-- SOURCE MATERIAL --
┏━━

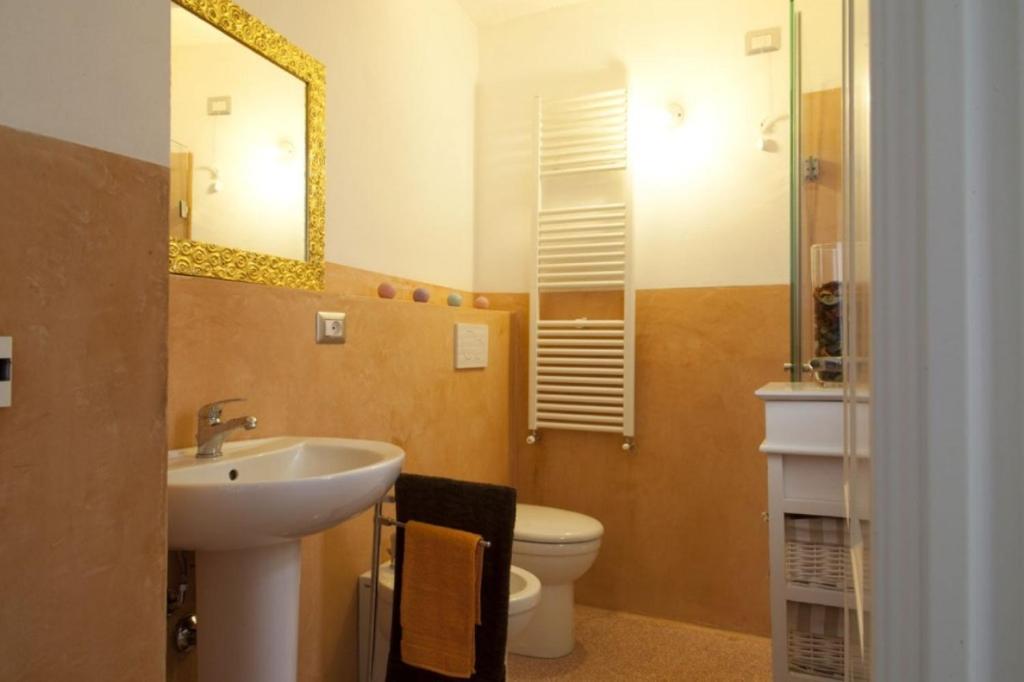 W łazience znajduje się umywalka, toaleta i lustro. w obiekcie Riz Guest House w mieście Montesano Salentino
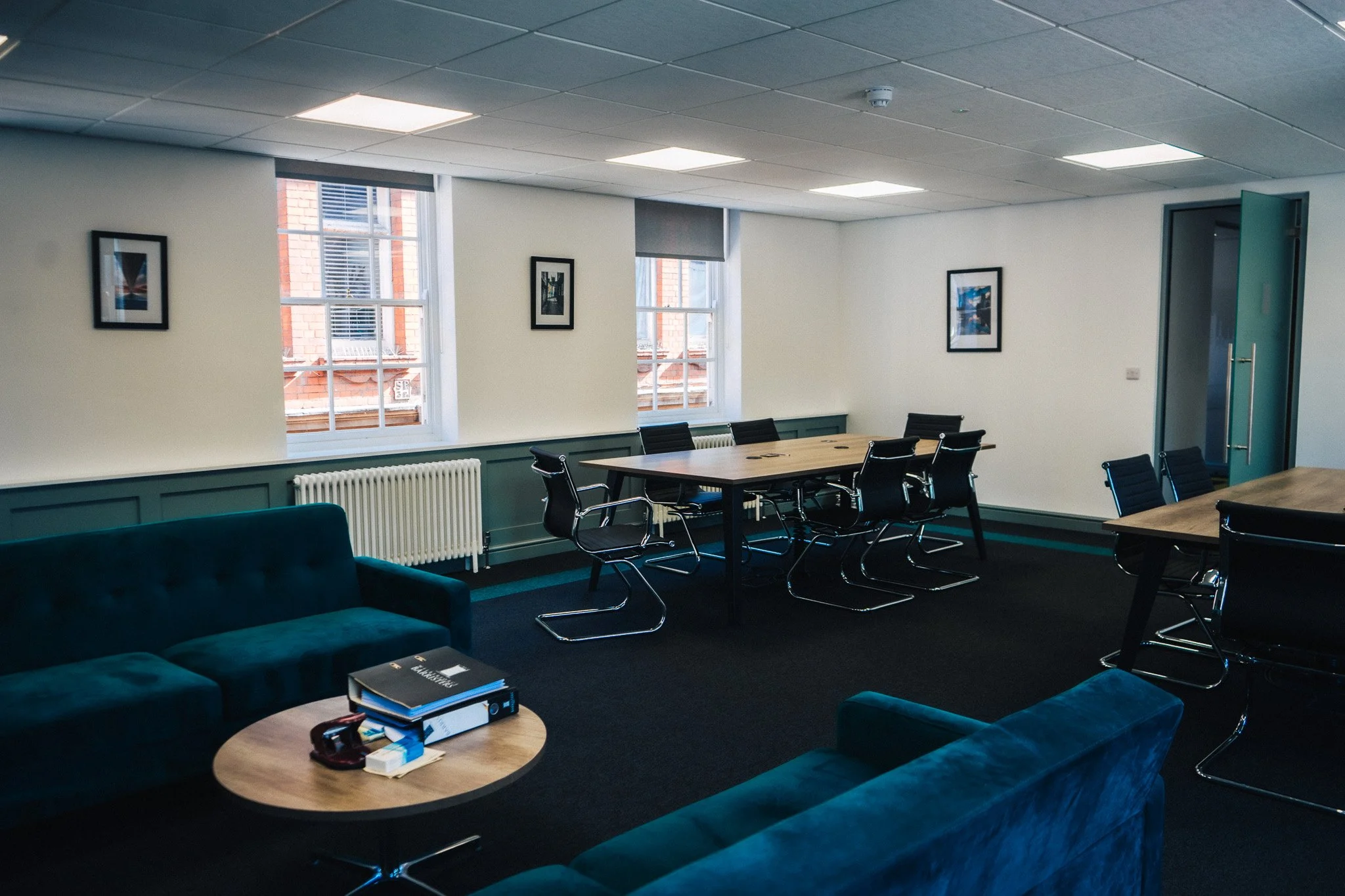 An office conference room with two teal sofas, a round wooden coffee table with binders and office supplies, a rectangular table with six black chairs, and two windows with framed pictures on the wall.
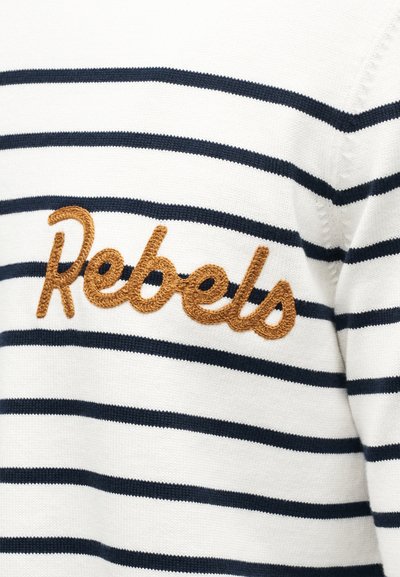 Tissu en maille blanche avec des rayures noires horizontales et le mot brodé "Rebels" en brun sur la zone de la poitrine d'un vêtement.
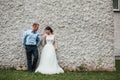 Beautiful bride and groom hugging and kissing on their wedding day outdoors. Concept wedding, new family. Royalty Free Stock Photo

┗━━

All the data above is to be transcribed exactly, with no pictures included.

 W łazience znajduje się umywalka, toaleta i lustro. w obiekcie Riz Guest House w mieście Montesano Salentino
 An office conference room with two teal sofas, a round wooden coffee table with binders and office supplies, a rectangular table with six black chairs, and two windows with framed pictures on the wall.
 Tissu en maille blanche avec des rayures noires horizontales et le mot brodé "Rebels" en brun sur la zone de la poitrine d'un vêtement.
 Beautiful bride and groom hugging and kissing on their wedding day outdoors. Concept wedding, new family. Royalty Free Stock Photo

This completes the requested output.